»»
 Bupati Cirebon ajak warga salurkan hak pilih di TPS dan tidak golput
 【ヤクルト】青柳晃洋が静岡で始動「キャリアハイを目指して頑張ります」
««
»»
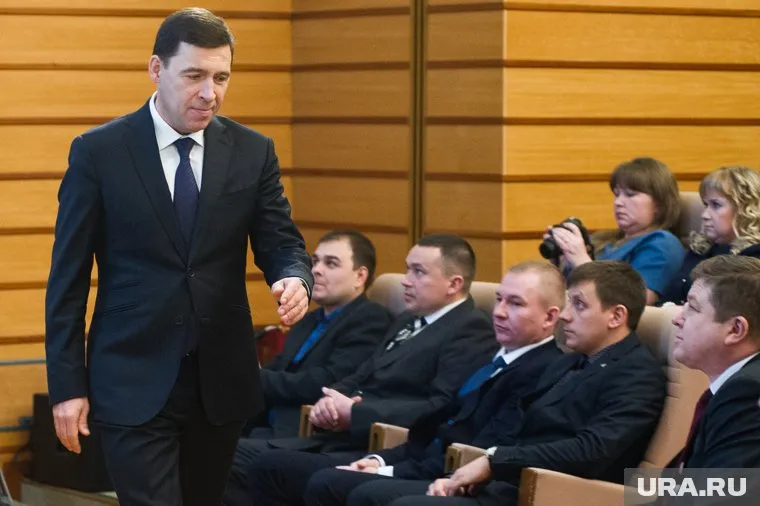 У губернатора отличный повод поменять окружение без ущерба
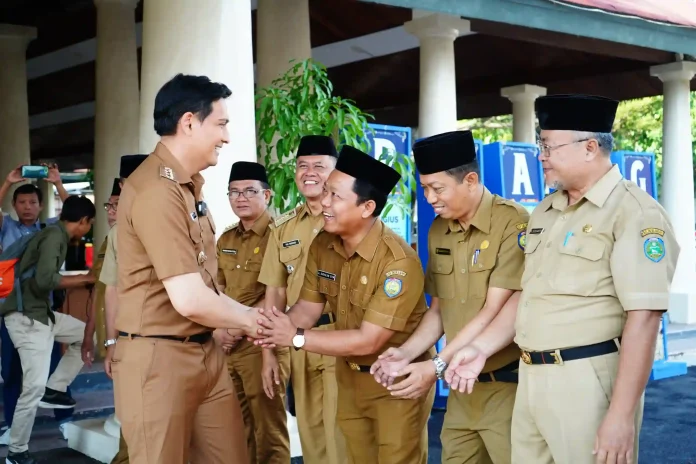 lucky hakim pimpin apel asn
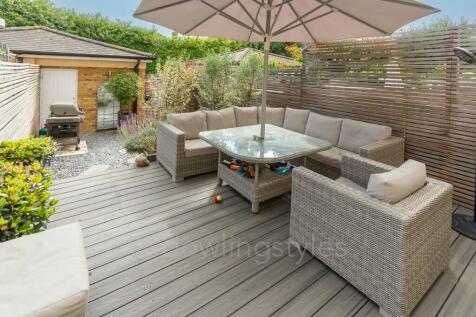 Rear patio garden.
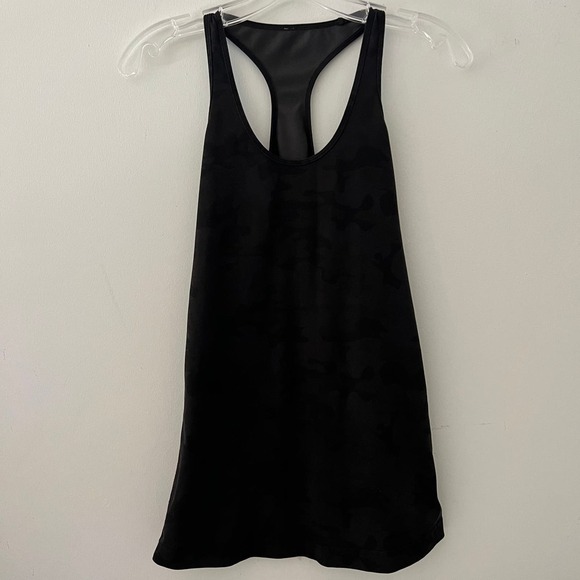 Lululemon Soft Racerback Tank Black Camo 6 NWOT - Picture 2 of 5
««
»»
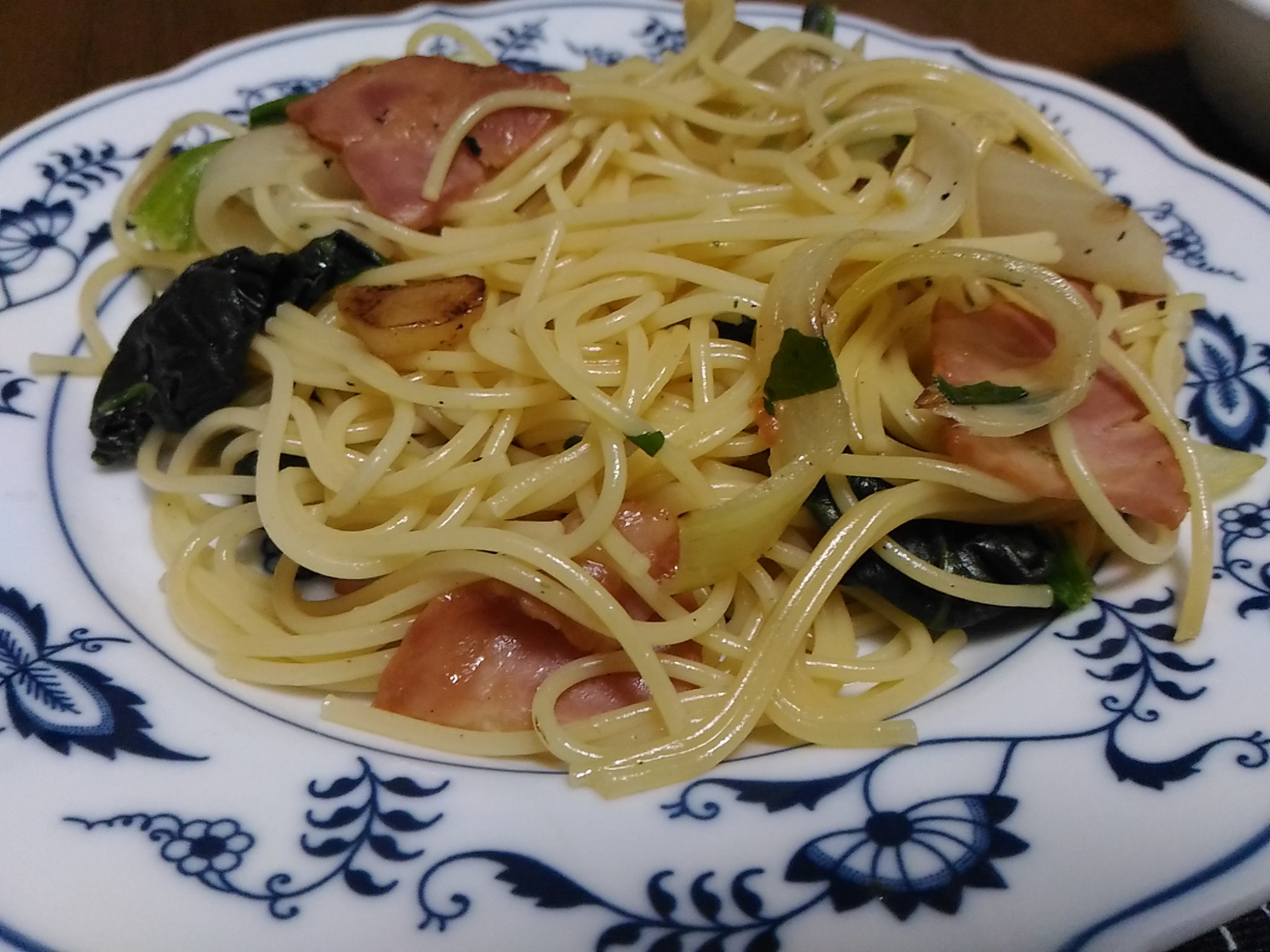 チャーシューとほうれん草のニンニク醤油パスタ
««
▸ Your goal:
Print exactly the lines above that run from the one with "У губернатора отличный повод" down to the one with "Lululemon Soft Racerback", and omit the pictures.

▸ Result:
 У губернатора отличный повод поменять окружение без ущерба
 lucky hakim pimpin apel asn
 Rear patio garden.
 Lululemon Soft Racerback Tank Black Camo 6 NWOT - Picture 2 of 5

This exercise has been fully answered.